Beachbody will cut one-third of its workforce and overhaul its business model as part of an organizational restructuring aimed at saving tens of millions of dollars.
The Southern California-based fitness and nutrition company announced Monday that it is moving from a direct-to-consumer, multi-level marketing structure to a single-level affiliate program scheduled to launch in November.
In the old structure, independent distributors, or “coaches,” promoted and sold Beachbody products directly to consumers, recruiting others to coach, and earning commissions and sales through subscription sign-ups in the process. I was doing it.
The new model envisions what the company calls an “omnichannel sales channel approach” that is “simpler” and “more modern.”

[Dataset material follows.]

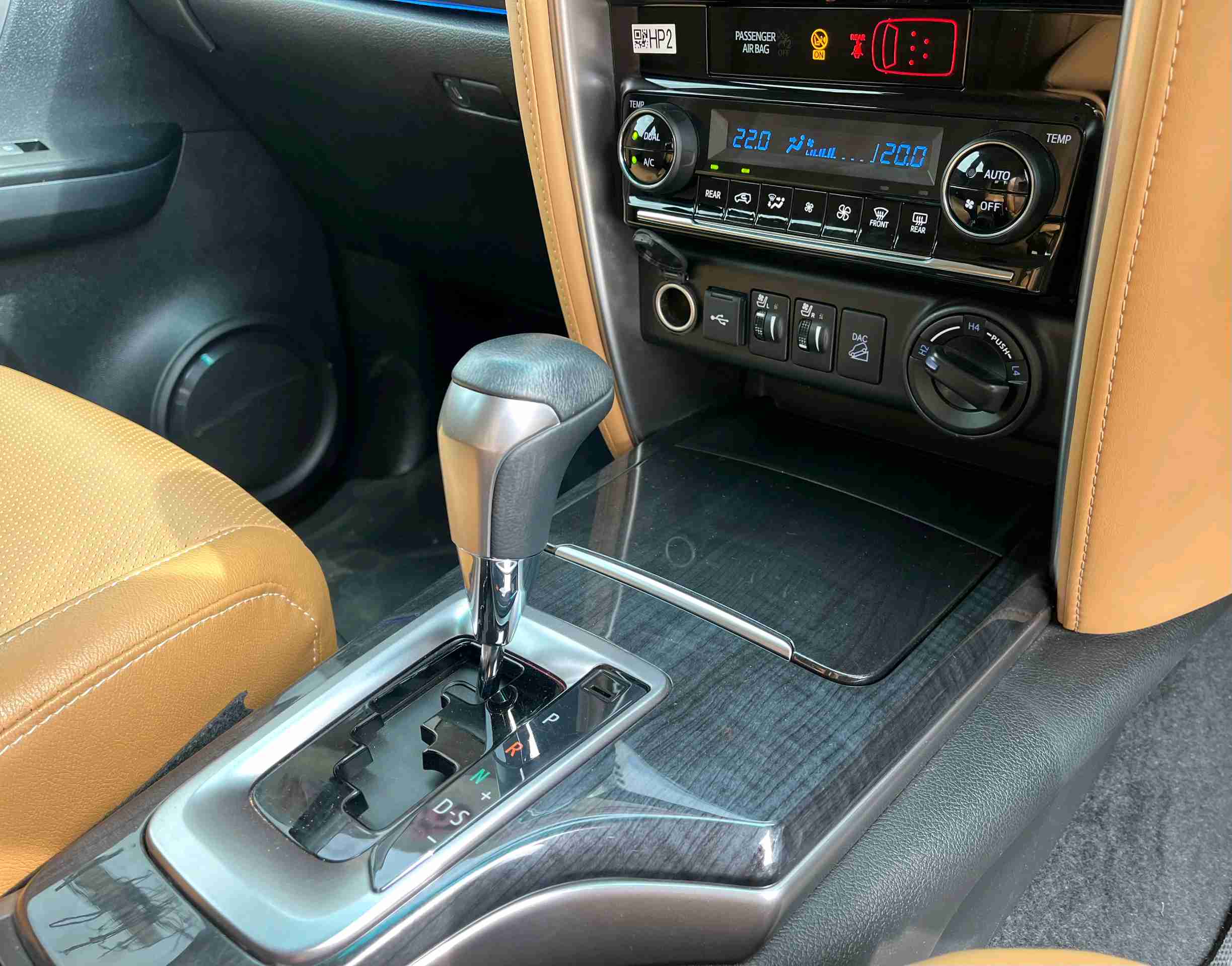 Toyota Fortuner photo 15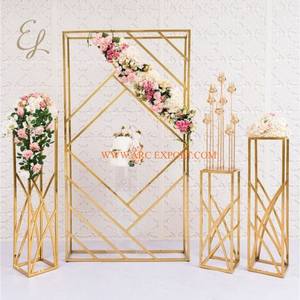 Marco de latón metálico de la mejor calidad con parte superior de mármol Centros de mesa de decoración del hogar Diseño atractivo Logotipo personalizado Centro de mesa de metal - Product Image 6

In the affiliate model, the company financially rewards individuals who drive traffic, leads, and sales through promotional and marketing efforts.
The company currently employs approximately 580 people and plans to lay off nearly 200 people as a result of the restructuring.
Beachbody said it expects cost-cutting measures to reduce overhead costs by $54 million.
The company also said the layoffs will reduce its breakeven point from less than $430 million of annual sales to less than $225 million.
“While these steps are absolutely necessary to align our company with our new strategic direction, this is a painful decision,” Carl Daikeler, Beachbody co-founder and CEO, said in a statement. Part of it is saying goodbye to some teams.”
Beachbody said it expects sales for the third quarter ending Sept. 30 to be in the range of $97 million to $107 million.